WOW
- Omaha, Nebraska; United States;
- Broadcast area: Omaha-Council Bluffs metropolitan area
- Frequency: 590 kHz
- Branding: WOW AM 590

Programming
- Format: Sports
- Affiliations: ESPN Radio; Westwood One;

Ownership
- Owner: Walnut Radio, LLC
- Sister stations: KCRO; KFMT-FM; KHUB; KIBM; KOBM-FM; KXCB;

History
- First air date: April 2, 1923
- Former call signs: WOAW (1923–1926); WOW (1926–1999); KOMJ (1999–2005); KXSP (2005–2026);
- Call sign meaning: "Woodmen of the World" (original owners)

Technical information
- Licensing authority: FCC
- Facility ID: 50313
- Class: B
- Power: 5,000 watts
- Transmitter coordinates: 41°18′55″N 95°59′53.1″W﻿ / ﻿41.31528°N 95.998083°W

Links
- Public license information: Public file; LMS;
- Webcast: Listen live
- Website: www.590wow.com

= WOW (AM) =

ESPN Radio affiliate in Omaha, Nebraska

WOW (590 kHz) is a commercial AM radio station licensed to Omaha, Nebraska, United States. The station is licensed to Walnut Radio, LLC.
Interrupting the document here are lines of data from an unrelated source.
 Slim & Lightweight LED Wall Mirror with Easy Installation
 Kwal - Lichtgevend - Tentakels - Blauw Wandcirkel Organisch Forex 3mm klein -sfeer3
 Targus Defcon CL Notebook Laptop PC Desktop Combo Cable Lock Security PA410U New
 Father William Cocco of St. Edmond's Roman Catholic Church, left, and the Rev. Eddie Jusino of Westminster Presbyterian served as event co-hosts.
WOW is licensed for 5,000 watts, using a non-directional transmitter. Its low frequency, combined with the region's high ground conductivity, allows its signal to be heard in most of the eastern half of Nebraska, as well as parts of Iowa, Missouri, Kansas and South Dakota. It provides grade B coverage as far south as Kansas City as far east as Des Moines, and as far north as Sioux Falls.

==History==
On April 2, 1923, the station first signed on, owned by the Woodmen of the World life insurance society, using the call sign WOAW. Management originally sought the call letters WOW (for "Woodmen of the World") but they had been assigned to the steamship Henry J. Biddle in 1916. A call sign beginning with "W" was possible in Nebraska because originally the dividing line between "K" and "W" stations followed the western border of Nebraska. WOAW's call sign was issued on November 27, 1922, shortly before the divide was moved to the Mississippi River in January 1923. Moreover, the station was able to claim the WOW call sign on December 16, 1926, after the retirement of the Biddle.
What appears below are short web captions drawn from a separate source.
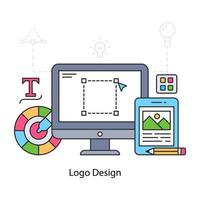 logotyp design illustration, redigerbar vektor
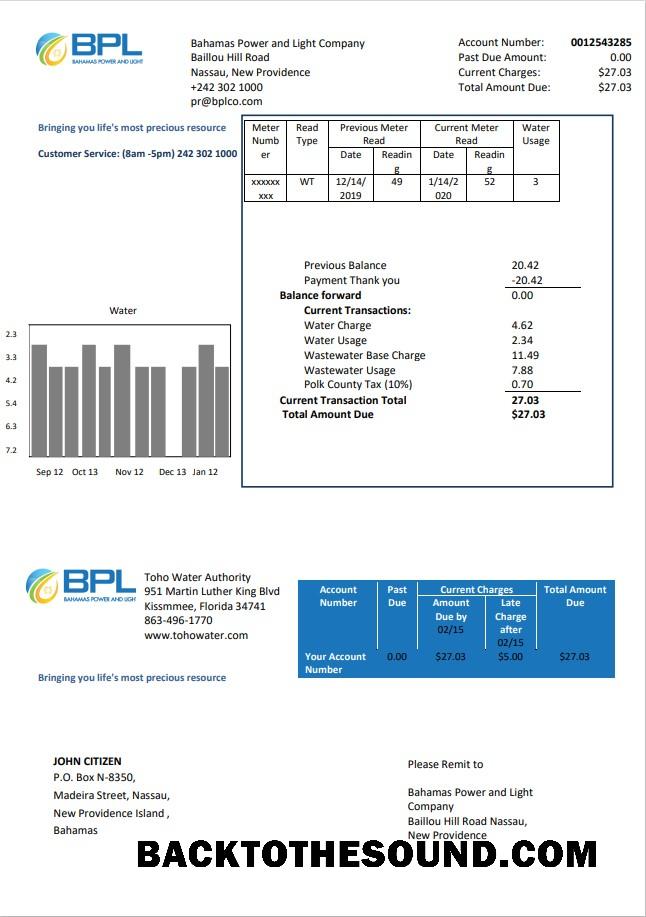 İndir Bahamalar Power and Light Şirket Fatura Fatura in Word and PDF Format Örnek örnek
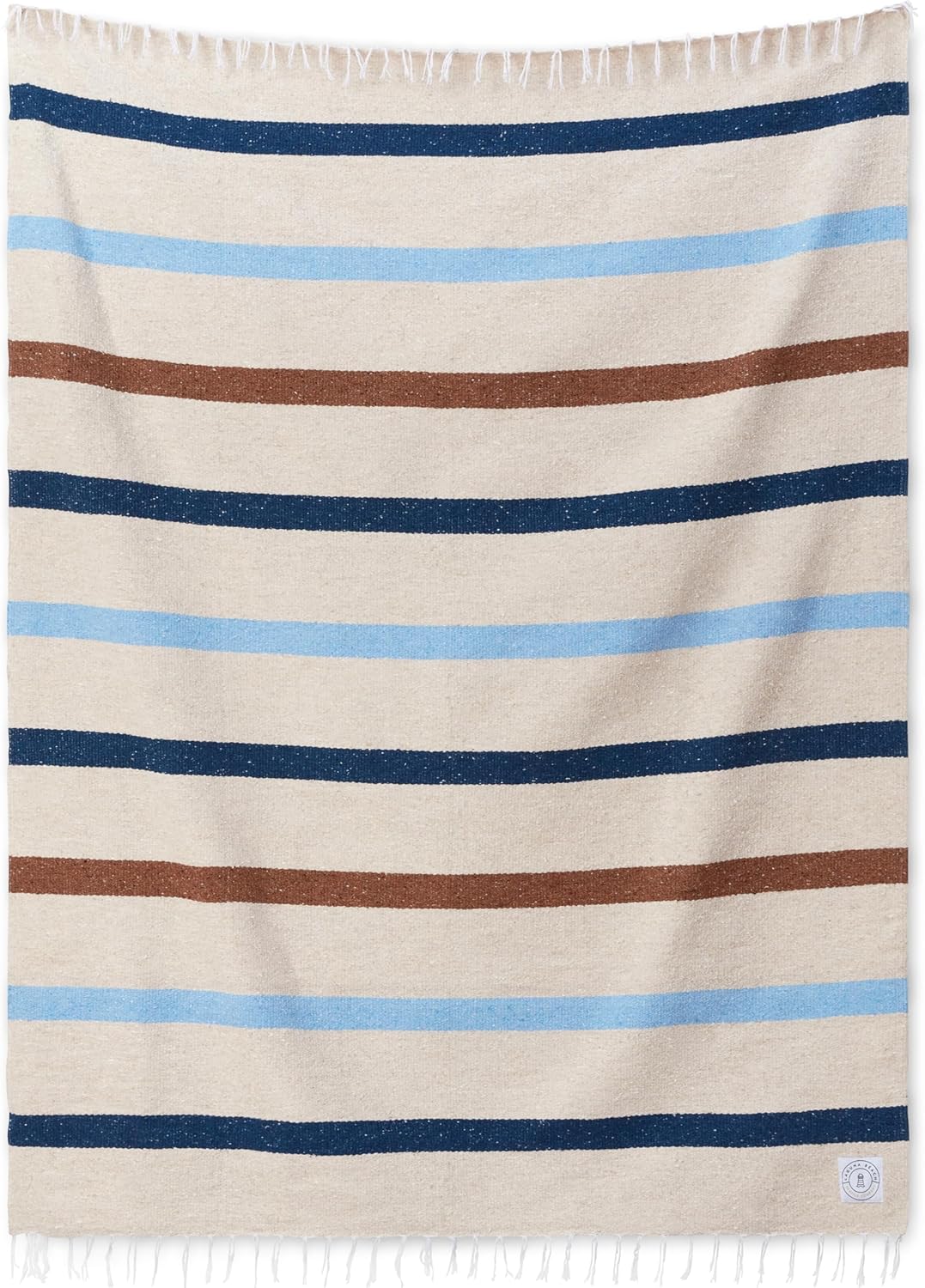 Mexican Blanket by Laguna Beach Textile Co - Beach, Yoga, Camping, or Decorative Throw Blanket - Traditional Handmade Serape (Ivory)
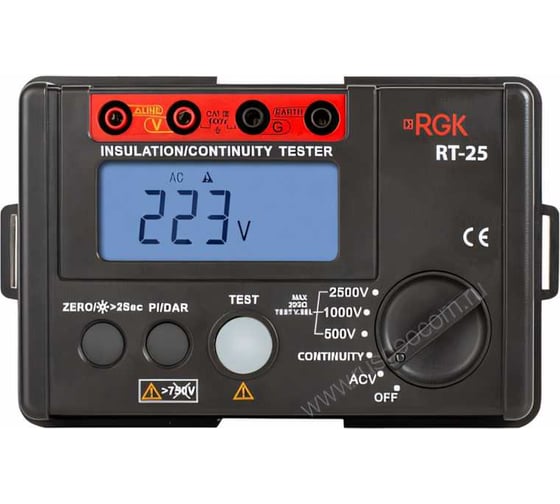 Изображение товара Мегаомметр RGK RT-25 с поверкой 779708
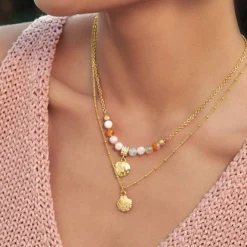 Brighton Sunset Cove Short Necklace Gold-Pink Sale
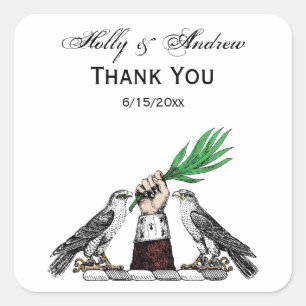  heraldische valken met handbediende kam vierkante sticker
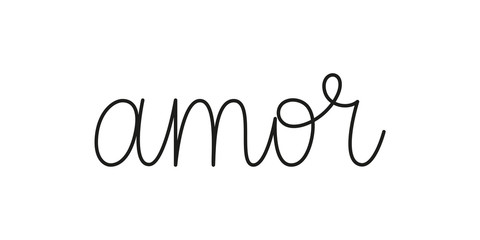 Wall Mural - amor love phrase handwritten by one line. monoline vector text element isolated on white background.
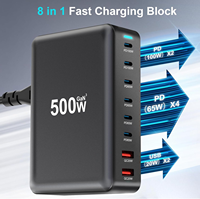Chargeur USB C 500W Charge Rapide GAN Bloc de Charge 8 Ports Station de Charge Hub Brique PD 100W Chargeur Ordinateur Portable, pour iPhone 16 Chargeur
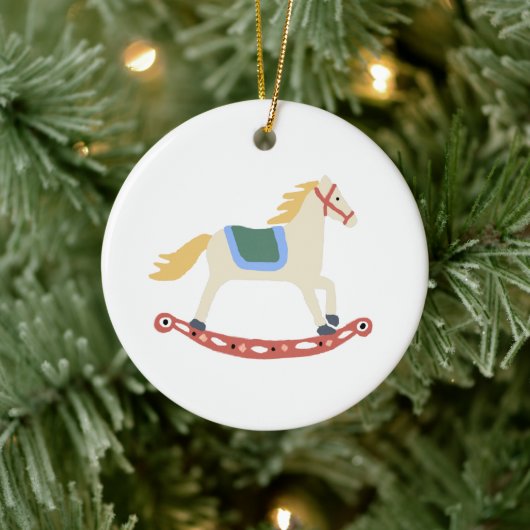 Rocking Horse Illustration Keramik Ornament (Baum)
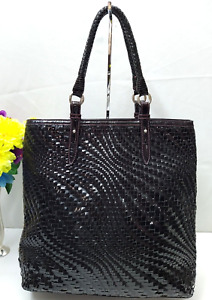 Cole Haan Genevieve Dark Plum Patent Leather Woven Large Tote Shoulder Bag Purse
The station eventually became so profitable that it could not remain under the Woodmen society's umbrella without threatening its tax-exempt status. Accordingly, the Woodmen leased the station to a group of local investors who formed Radio Station WOW, Inc., and assigned the license to the group in 1943. The group added a television station (now WOWT) in 1949.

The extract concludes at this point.